前回の連載では、彦根城の二重の堀に囲まれた空間の中に、藩の政治に必要な機能が集められていたことを説明した。特に、大名と重臣が藩の政治方針を決めていたので、彼らの住む御殿と重臣屋敷が階層的に配置されていたことは重要である。しかし、江戸時代の政治は、それだけでは成り立たない。大名と家臣たちの結びつきを深め、それを長く保つためには、儀式をすることが必要だった。

大名と家臣は対面する

彦根藩の家臣たちは、毎月数回の決められた日に、表御殿(現在の彦根城博物館)へ集められた。家臣たちがランクによって決められた位置に並んで座っていると、大名が上段の間に登場する。そこで大名と家臣たちは、顔を合わせ、言葉を交わすなどした。藩の組織は、大名と家臣たちの主従関係によって成り立っていたので、このような儀式を何度も繰り返して、互いの立場を確認し続けることが必要だったのである。
表御殿の中の能舞台では、藩の特別な祝賀行事のときに能が上演され、それを大名と家臣たちがいっしょに鑑賞した。明治時代になって表御殿の建物は取り壊されたが、能舞台だけは市内の神社に移築して保存されていた。
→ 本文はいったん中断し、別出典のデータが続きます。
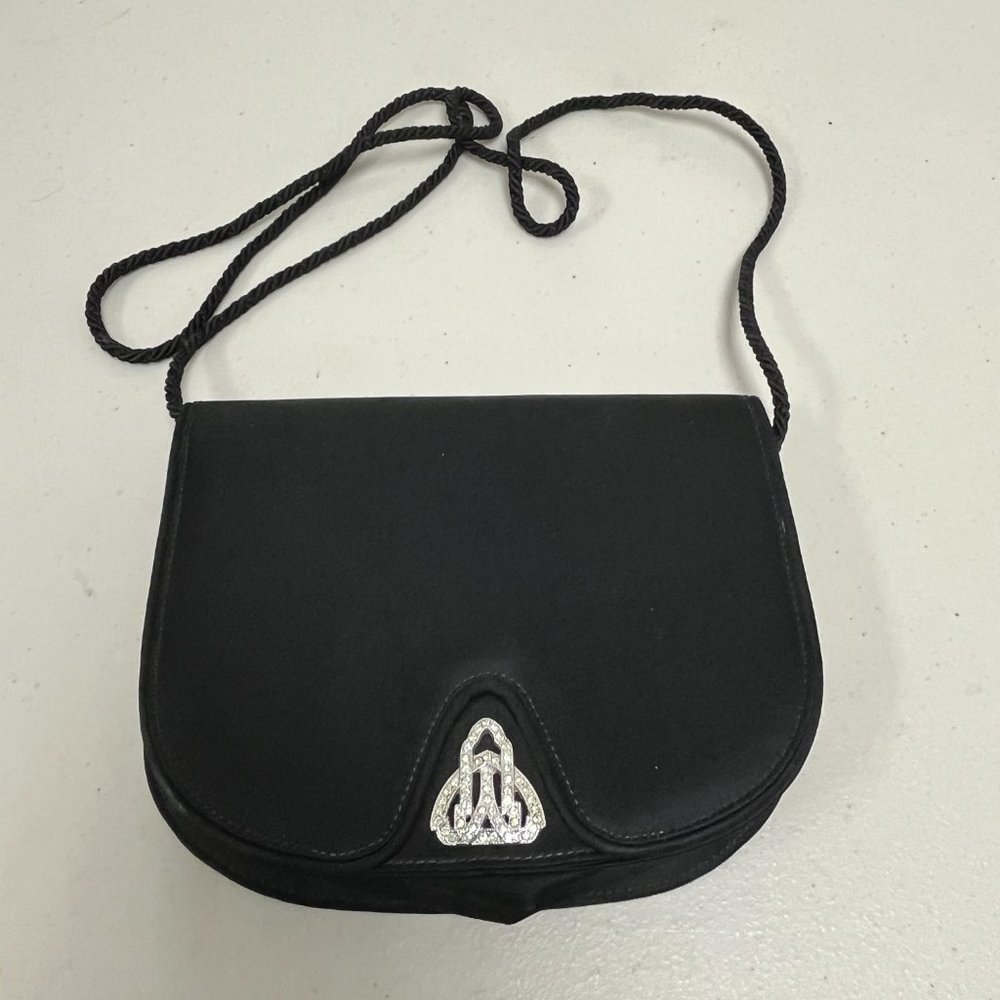 Anne Klein black satin clutch bag strap crystal deco vintage new vintage evening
現在の彦根城博物館の能舞台は、それを再び元の場所に移築したものである。江戸時代には全国のほとんどの城に能舞台があったはずだが、今も実物が残っているのは彦根城しかない。現在、その貴重な能舞台で定期的に能が催され、私たちは江戸時代と変わらない姿を見ることができる。

全国の城で唯一残る表御殿能舞台

大名、彦根に帰る

主人と家臣が対面する儀式を全国規模にしたのが参勤交代である。全国の大名は、1年ごとに自分の領地と江戸とを行き来していたが、江戸にいる間は、決められた日に江戸城で将軍と対面する儀式をしていた。江戸での滞在期間を終えて、彦根に帰ってきた大名の行列は、城下町のメインストリートを通り、彦根城へ向かう。堀端の「いろは松」のところでは、家臣たちが勢ぞろいして大名を出迎えた。美しい松並木は、大名と家臣たちが再会する場面を演出する舞台装置だったのである。参勤交代は、将軍と大名の関係だけでなく、大名と家臣たちの関係を深める意味を持っていた。

参勤交代の儀式の舞台だった「いろは松」

儀礼空間としての玄宮園

表御殿での儀式が公式に定められたものだったのに比べて、玄宮園は、やや自由な使い方のできる場所だった。史料を紐解くと、大名が家臣やその家族を呼んで面会し、飲食をしたり褒美を与えたりしていたことが分かる。井伊直弼は、家臣だけでなく、僧侶を招いて茶会を開いたことがあった。また、園内で大名と家臣が和歌や漢詩を詠んだり、馬術や弓術を披露したりしていたことも記録されている。庭園は、美しい景色を楽しむだけでなく、茶の湯や武芸などを通じて、大名と家臣たちの結びつきを深める場所だったのである。
また、園内には田んぼが作られており、そこでは大名が領民の暮らしに思いをはせ、豊作を祈る儀式をしていた。現在、その田んぼでは、市民が田植えを体験する行事が毎年開かれている。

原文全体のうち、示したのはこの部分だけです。